The problem:
If a picture appears in the records, skip it; copy everything else exactly.

Supplied entries:
◆ ◆ ◆ ◆ ◆
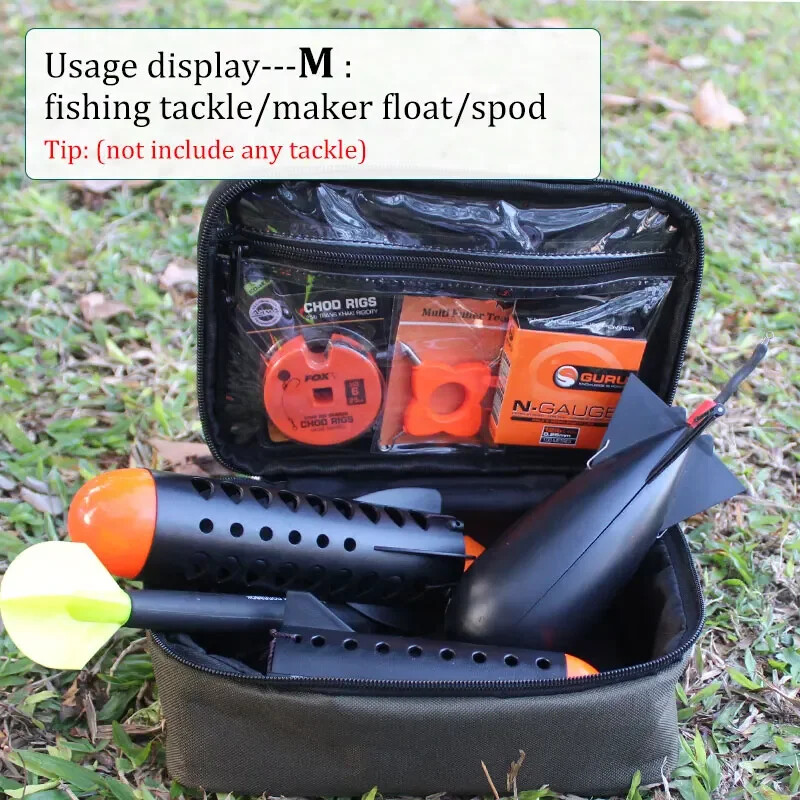 Karpkalapüügitarvete hoiukoti kast Kerge hoiukoti hoiuruum välitingimustes, hõlpsasti kaasaskantav kott karpkala tarvikute jaoks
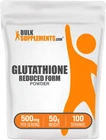 BulkSupplements Glutathione Powder (Reduced Form) - 500mg per Serving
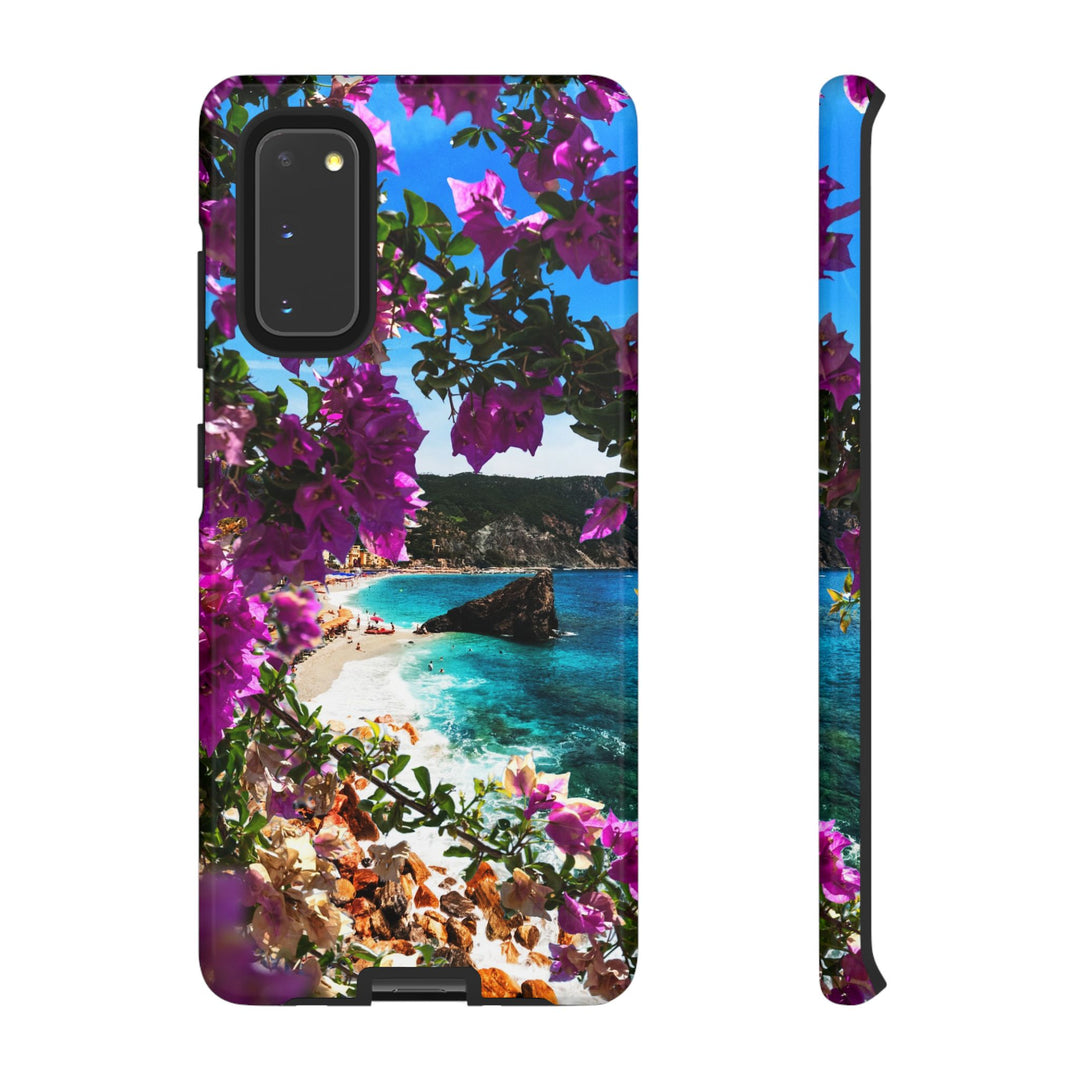 Impact Resistant, Bougainvillea Seaview, Cute Phone Cases for Samsung S24, S23, S22, S21, IPhone 15 pro Iphone 14 pro Iphone 13 IPhone 12 Iphone 11 - Studio40ParkLane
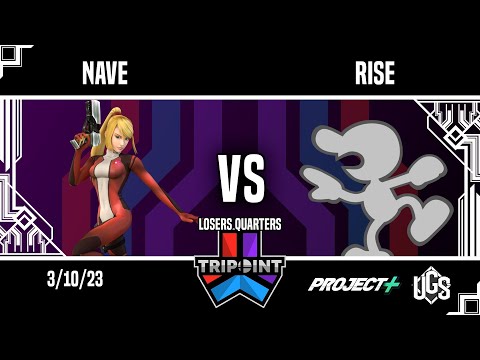 Tripoint Smash 182 - Losers Quarters - Nave(Zero Suit Samus) Vs. Rise(Mr Game and Watch)
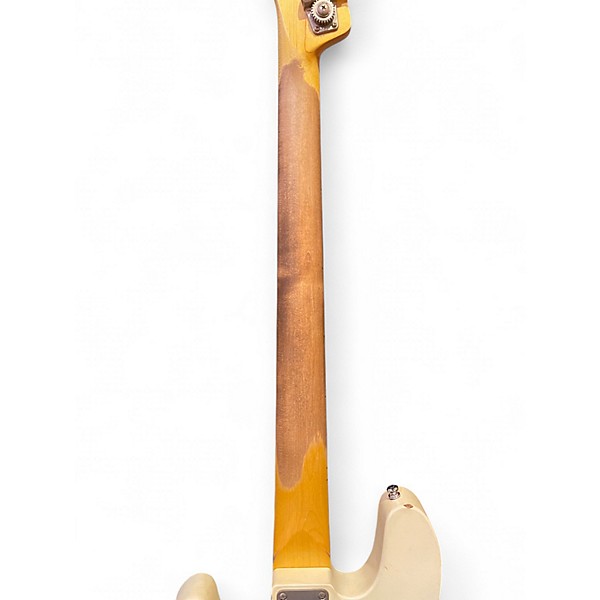 Used Nash Guitars TELE BASS RELIC WHITE Electric Bass Guitar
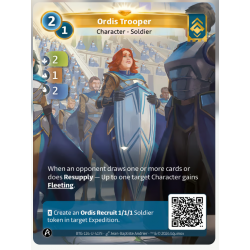 Ordis Troupière (2-1-2) Ordis Unique Card - Altered TCG - KS Edition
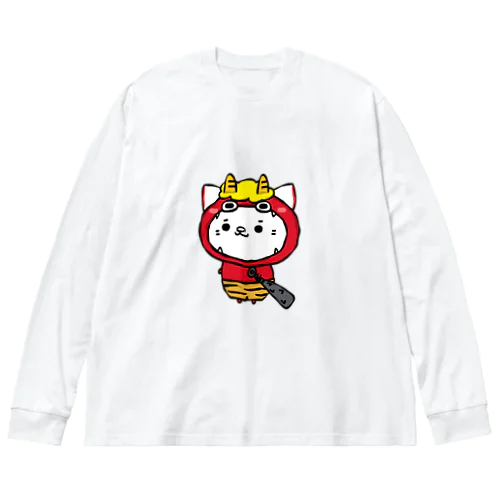 にゃんころげ#0027 ビッグシルエットロングスリーブTシャツ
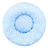 Round long plush nest bed for cats and dogs in Light Blue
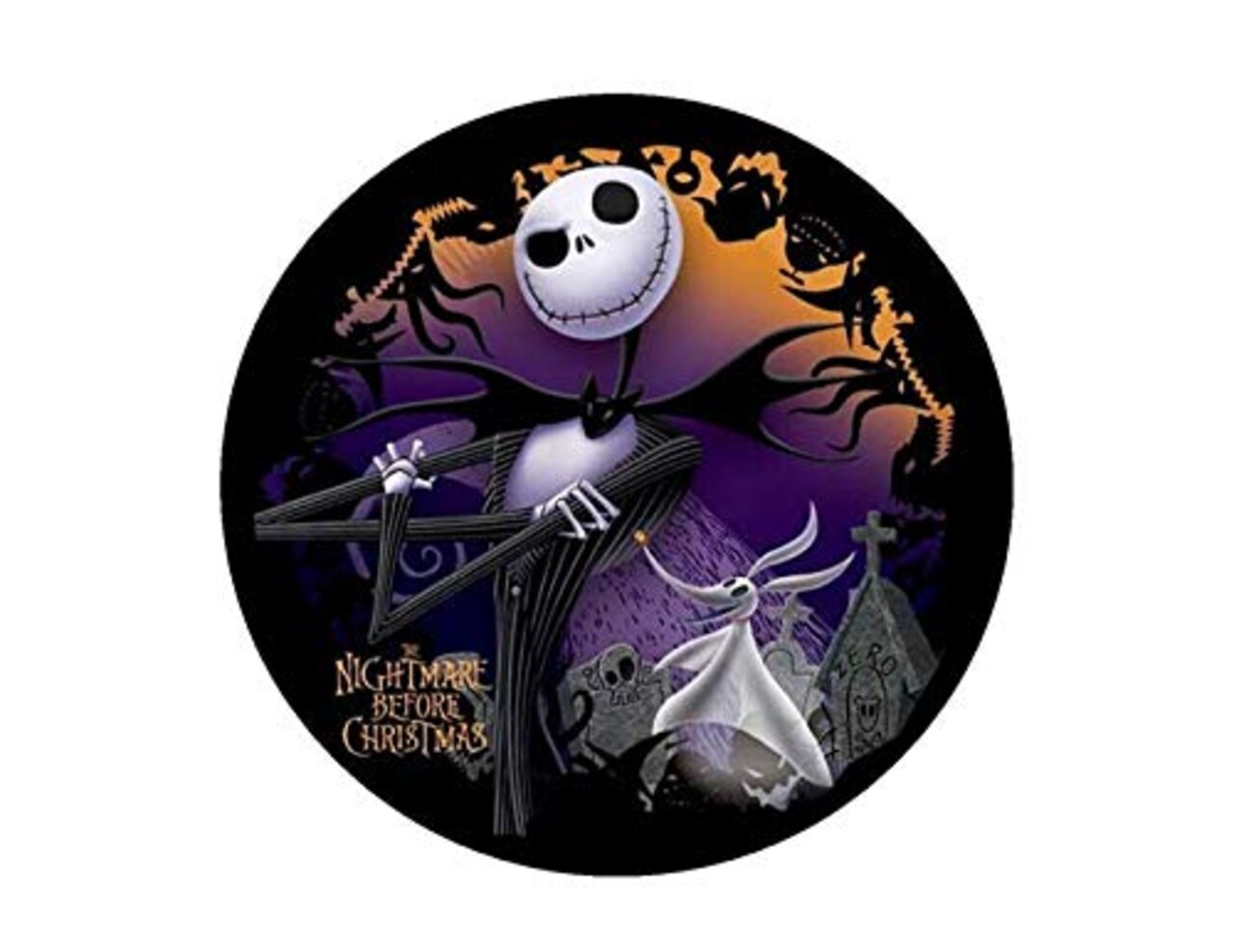 JACK Nightmare Before Christmas ROUND Edible Icing Image Cake topper Birthday Decoration sugar sheet Skellington sally halloween party
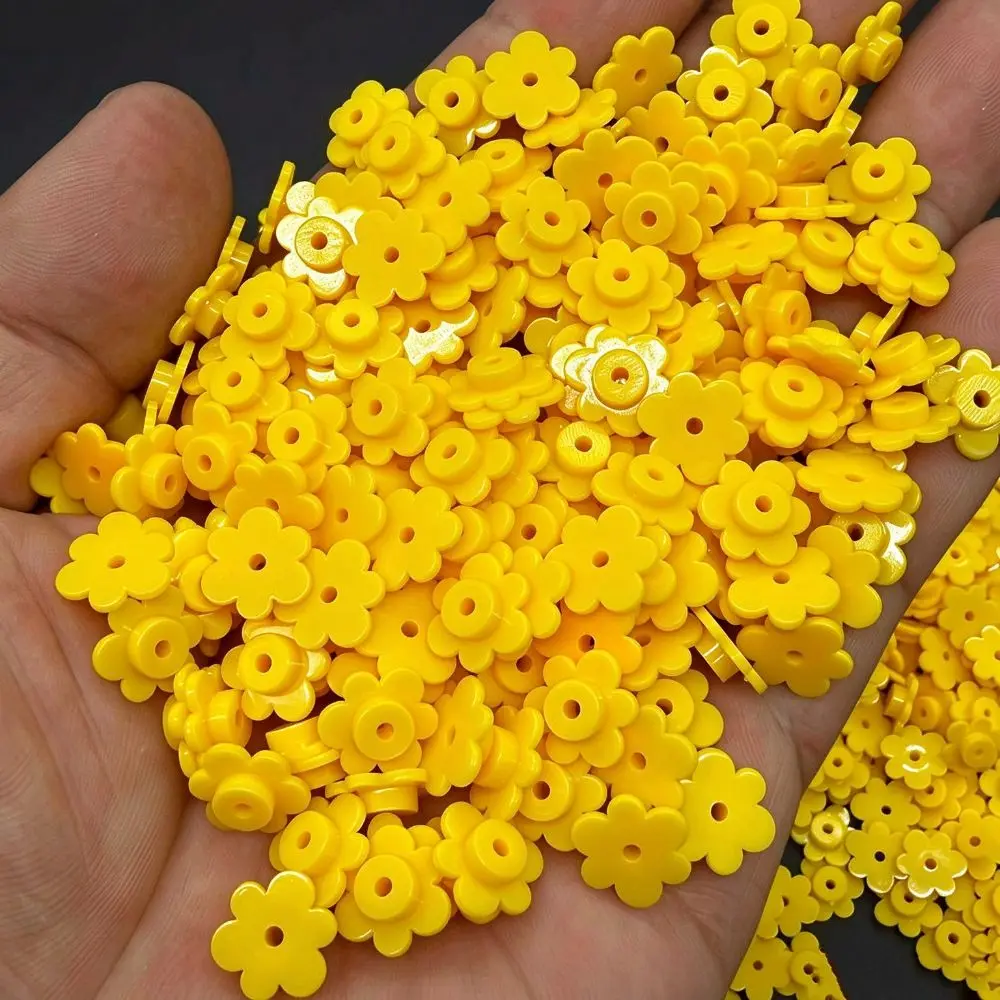 10mm 6 Petal Flower Particles 100g Crunchy Heart Shape Squeeze Ball Fillers Pinch Slime Fillers Stuffing Building Blocks
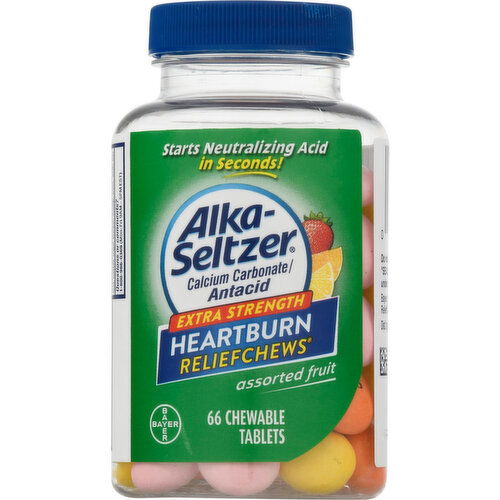 Alka-Seltzer Heartburn ReliefChews, Extra Strength, Assorted Fruit, Chewable Tablets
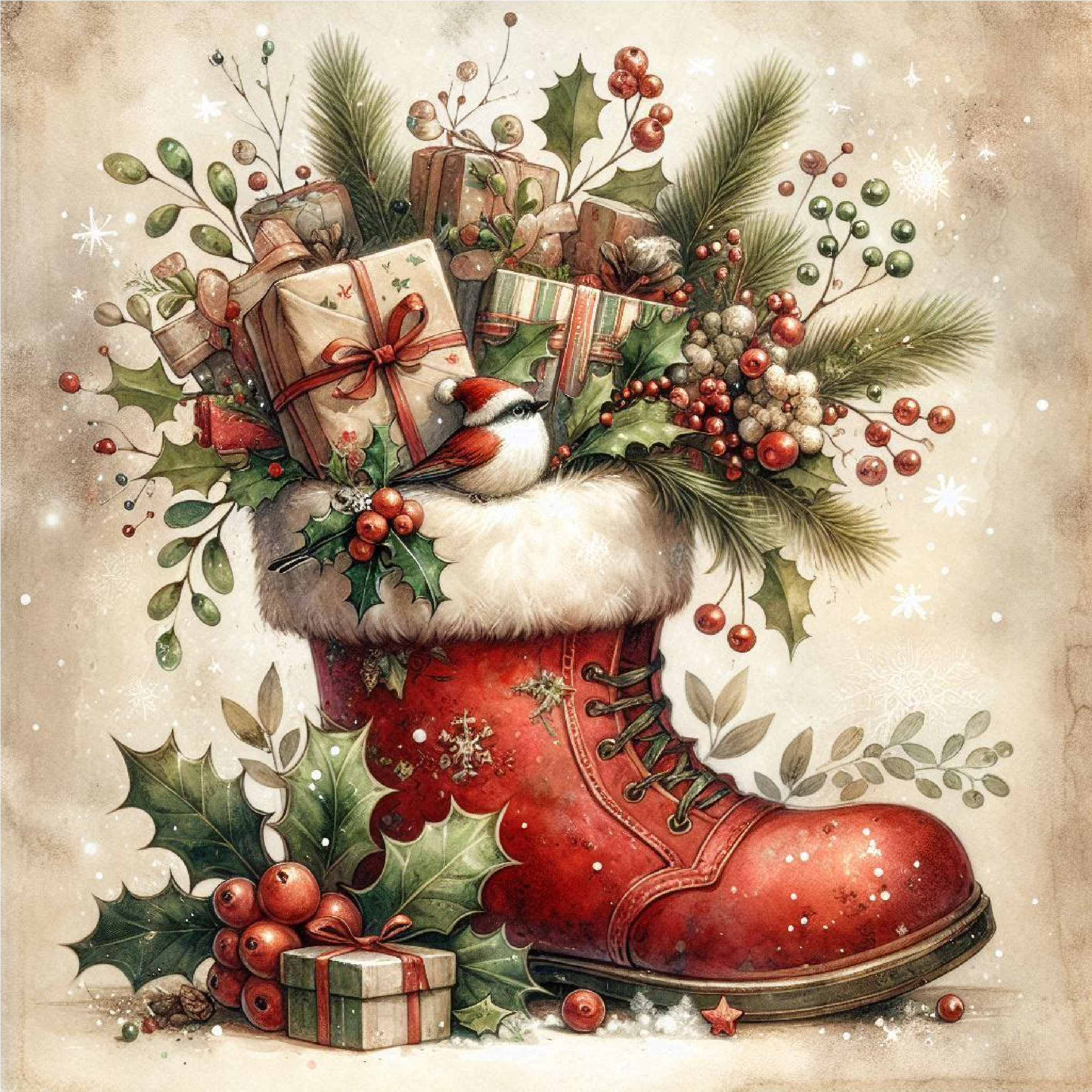 Counted Cross Stitch Santa's Boot #1 Digital Download PDF File Charlie's Official Store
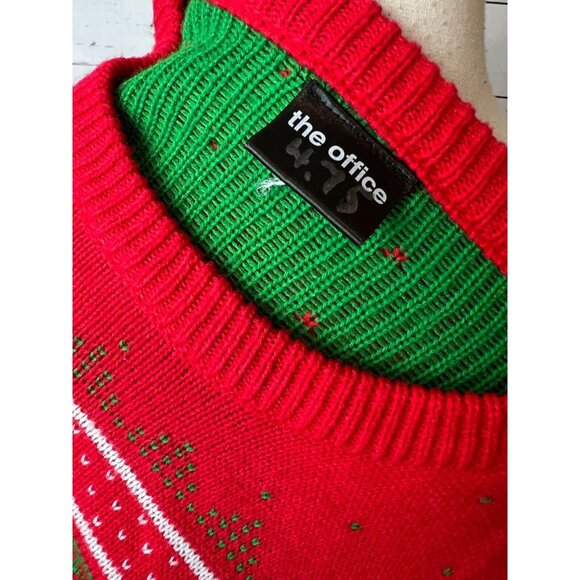 The Office Ugly Christmas Sweater Pullover Party Large Knit‎ Paper Company Adult - Picture 4 of 9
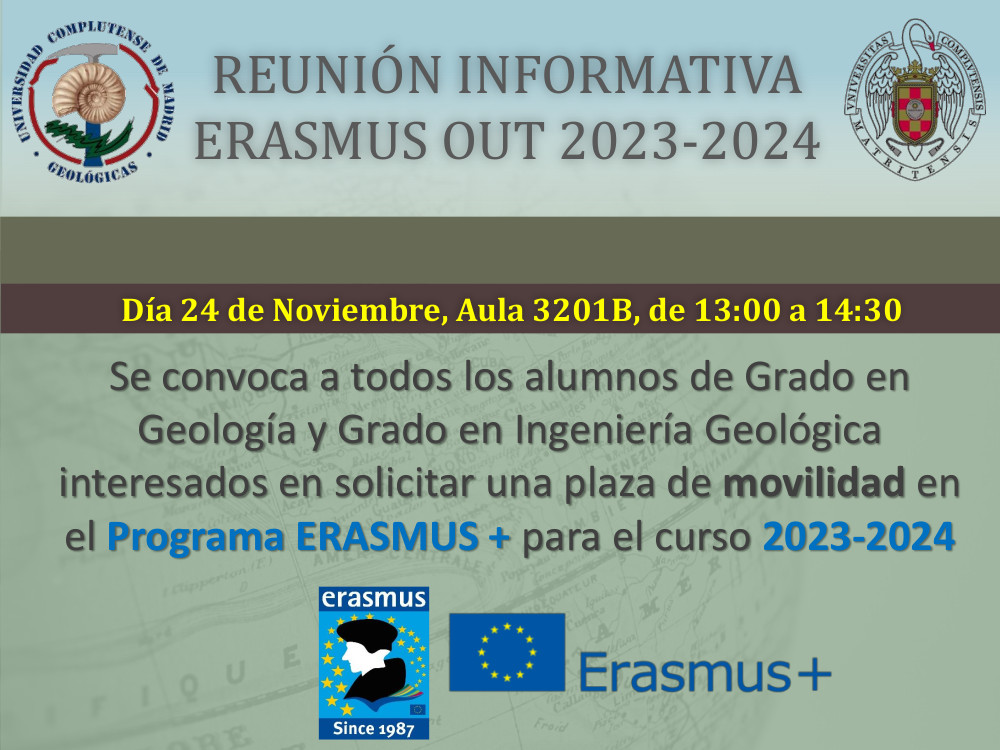 Reunión informativa ERASMUS out 2023-2024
◆ ◆ ◆ ◆ ◆
Response box:
 Karpkalapüügitarvete hoiukoti kast Kerge hoiukoti hoiuruum välitingimustes, hõlpsasti kaasaskantav kott karpkala tarvikute jaoks
 BulkSupplements Glutathione Powder (Reduced Form) - 500mg per Serving
 Impact Resistant, Bougainvillea Seaview, Cute Phone Cases for Samsung S24, S23, S22, S21, IPhone 15 pro Iphone 14 pro Iphone 13 IPhone 12 Iphone 11 - Studio40ParkLane
 Tripoint Smash 182 - Losers Quarters - Nave(Zero Suit Samus) Vs. Rise(Mr Game and Watch)
 Used Nash Guitars TELE BASS RELIC WHITE Electric Bass Guitar
 Ordis Troupière (2-1-2) Ordis Unique Card - Altered TCG - KS Edition
 にゃんころげ#0027 ビッグシルエットロングスリーブTシャツ
 Round long plush nest bed for cats and dogs in Light Blue
 JACK Nightmare Before Christmas ROUND Edible Icing Image Cake topper Birthday Decoration sugar sheet Skellington sally halloween party
 10mm 6 Petal Flower Particles 100g Crunchy Heart Shape Squeeze Ball Fillers Pinch Slime Fillers Stuffing Building Blocks
 Alka-Seltzer Heartburn ReliefChews, Extra Strength, Assorted Fruit, Chewable Tablets
 Counted Cross Stitch Santa's Boot #1 Digital Download PDF File Charlie's Official Store
 The Office Ugly Christmas Sweater Pullover Party Large Knit‎ Paper Company Adult - Picture 4 of 9
 Reunión informativa ERASMUS out 2023-2024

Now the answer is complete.